[[ Data extract open ]]

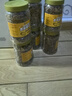 老香農(nóng)香酥蠶豆牛肉味500g蘭花豆休閑特產(chǎn)小吃下酒菜堅(jiān)果炒貨豆類小零食 曬單實(shí)拍圖
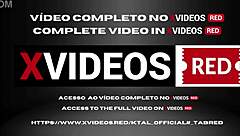 ktal fucks the maid geisy in virtual reality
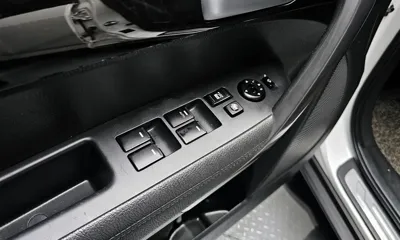 Kia Sorento 2014, 132550 км, за 5946.48 USD - фото 17
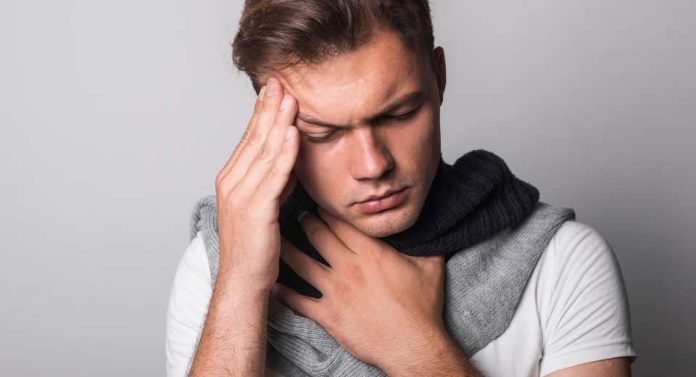 Dolores que no se ven el lado B de las enfermedades crónicas sin diagnóstico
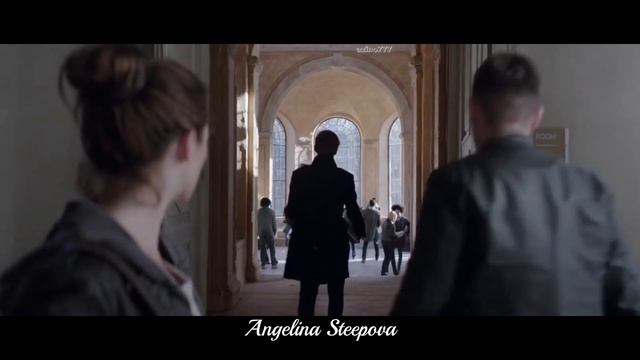 Прощать и прощаться смотреть онлайн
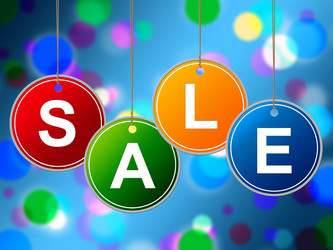 Similar image 7696662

[[ Data extract closed ]]

Assignment:
Omit the pictures and set down the records exactly.

Solution:
 老香農(nóng)香酥蠶豆牛肉味500g蘭花豆休閑特產(chǎn)小吃下酒菜堅(jiān)果炒貨豆類小零食 曬單實(shí)拍圖
 ktal fucks the maid geisy in virtual reality
 Kia Sorento 2014, 132550 км, за 5946.48 USD - фото 17
 Dolores que no se ven el lado B de las enfermedades crónicas sin diagnóstico
 Прощать и прощаться смотреть онлайн
 Similar image 7696662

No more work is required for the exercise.